The chart below shows how one mortgage in a declining price environment may still be feasible, how two HELOC piggbybanks is stupid, and how three is suicide for all involved, and why rising rates, contrary to what Goldman would like the general peasntry to believe, is pure weapons grade semtex for the economy.
But being stuck is far more than just a side effect of pervasive banker fraud. It has become a national state of mind. Americans are terminally divided on issues from security, to the military, to immigration, healthcare, and, of course, the economy itself. The divide and conquer plan is working.
And far from purely philosophical, being stuck was a very physical reality for many: in China, 10 day traffic jams are becoming an accepted part of the new normal. LA drivers rejoice: your horrendous commute times are only 7th in the world in terms of going nowhere fast. Beijing, Mexico City and Johannesburg round out the top three cities for worst commute times.
Stuck will also be a very sad reality for thousands of east coasters trying to depart by airplane over the next 24 hours as most airports in the tristate area are now closed indefinitely. We got an appetizer of how reliant on air traffic the world is earlier, when resurgent Iceland volcano Eyjafjallajökull halted all traffic in and out of Europe for nearly two weeks.
And while discussing the global stickiness in 2010, here are some other adhesive fun facts:
- U.S. Postal Service volume declined 3.5 percent, to 170.6 billion pieces; operating revenue fell 1.5 percent
- Average cost of a wedding increased 21.9 percent in the first half of 2010, to $23,867, up from $19,581 in 2009.

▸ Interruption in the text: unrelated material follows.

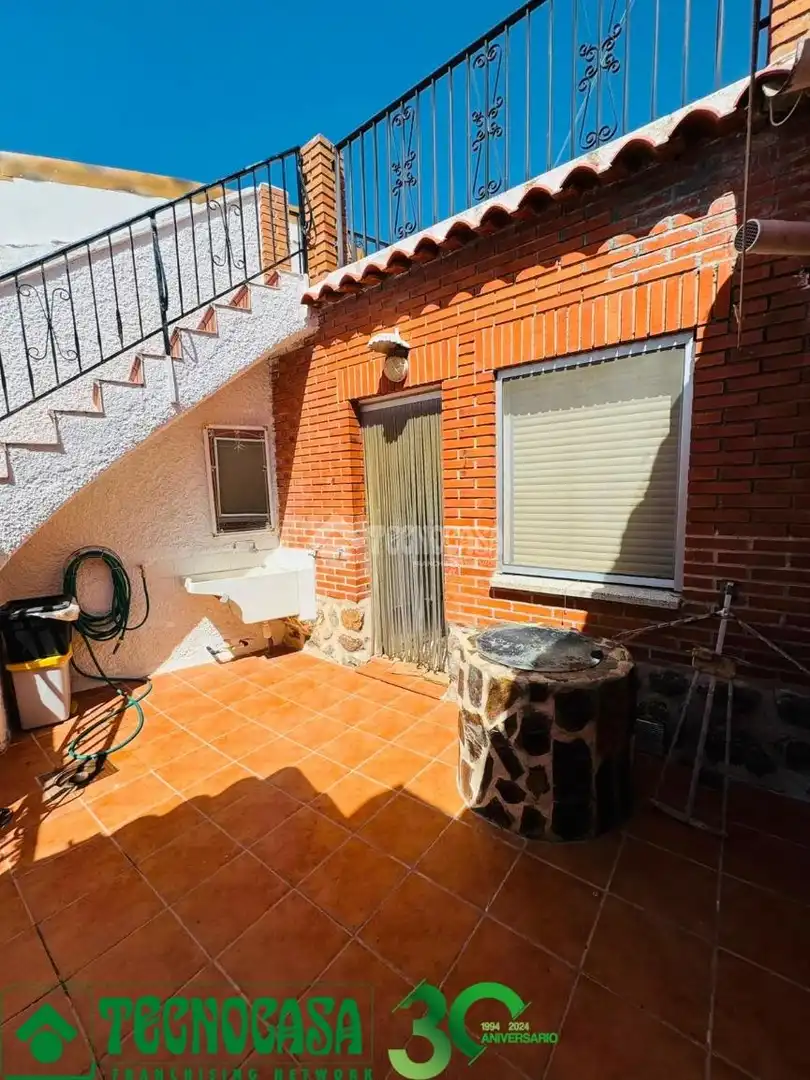 Exterior view of Detached homes for sale in Polán  with Air Conditioner, Heating and Terrace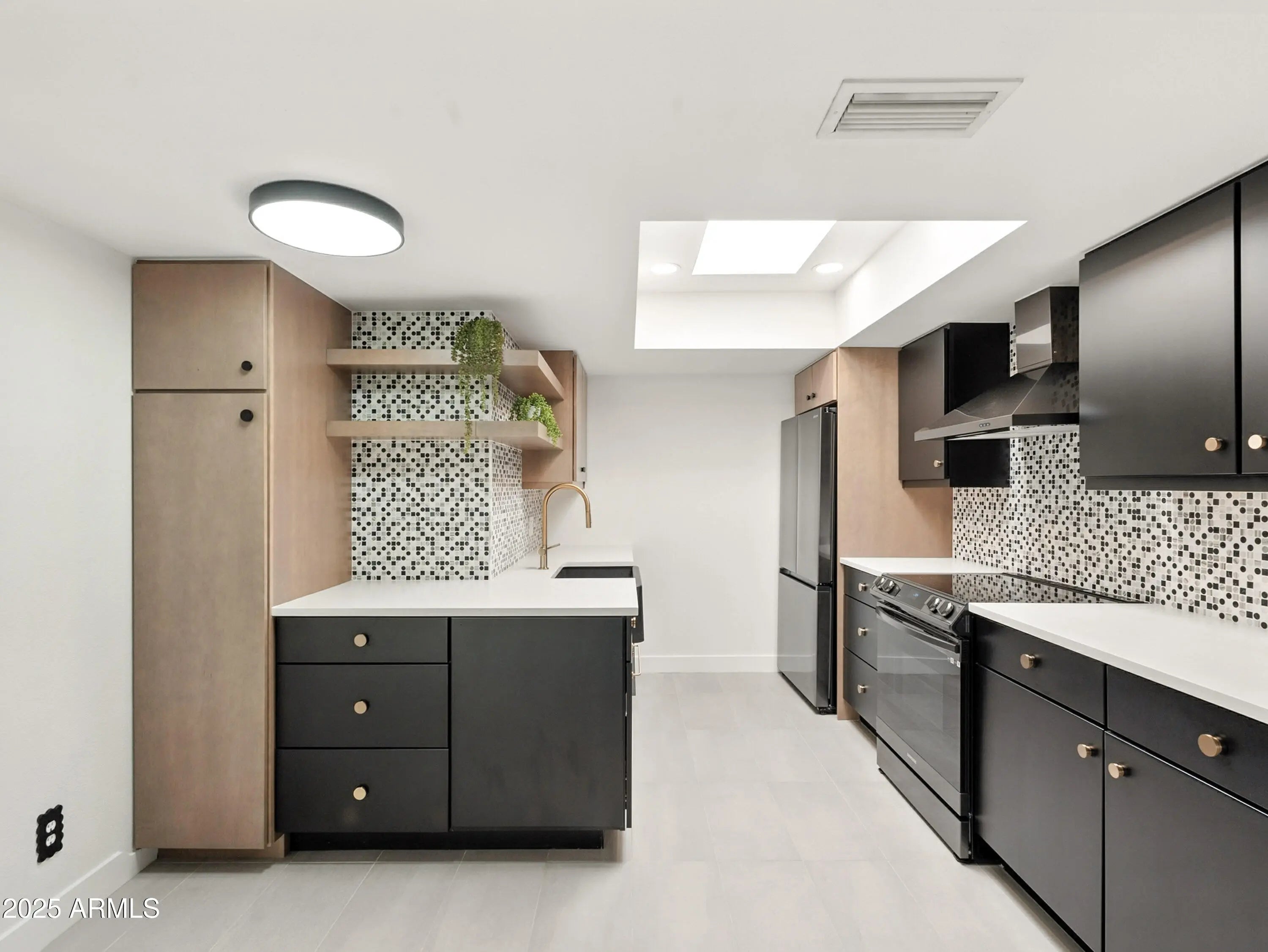 Photo of Listing #6904652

- Sugarless gum sales grew at 3 percent, to $2.3 billion; a slower growth rate compared with recent years.
- The U.S. Army's decision to use buttons instead of Velcro on uniforms will save the military nearly a buck per outfit.
- Oreos: The sandwich cookie's 2010 sales reached $290.5 million, an 11 percent gain from 2009 sales.
- The Band Aid economy: Johnson & Johnson saw sales of wound-care products paradoxically decline by 9 percent in the first nine months of 2010.
- The average retail price of honey per pound grew this year. In August the price rose to $5.04, a 44 cent year-over-year increase.
- The tape and Post-It Notes manufacturer (3M) posted a sales increase of 17.4 percent in the first nine months of 2010.
- Salmonella fears receded and total U.S. sales of peanut butter rose 2.1 percent, to more than $950 million in the first half of 2010.
- Big Adhesive is up 4 percent in 2010, says market research firm
IBISWorld. And duct tape—known as Jesus tape in Sweden—has become
particularly trendy. Avon, Ohio, the self-proclaimed "Duct Tape Capital
of the World," is the home of Duck Tape. Duck sponsors an annual
contest in which students make prom attire out of tape. (It also has
3 million friends on Facebook.) Stuck at Prom rewards kids for their
creativity with a college scholarship.
Cash prize awarded to each of the two winners: $3000
Number of hours spent by winners creating their duct tape outfits, which included hair extensions: 300
Weight in pounds of this year's winning prom dress: 50
Number of couples submitting prom duct tape entries in 2010: 240
Votes cast in this year's contest: 44,000
All in all, look for more stickiness in 2011, as the most important number, the unemployment one, continues to be superglued to 10%.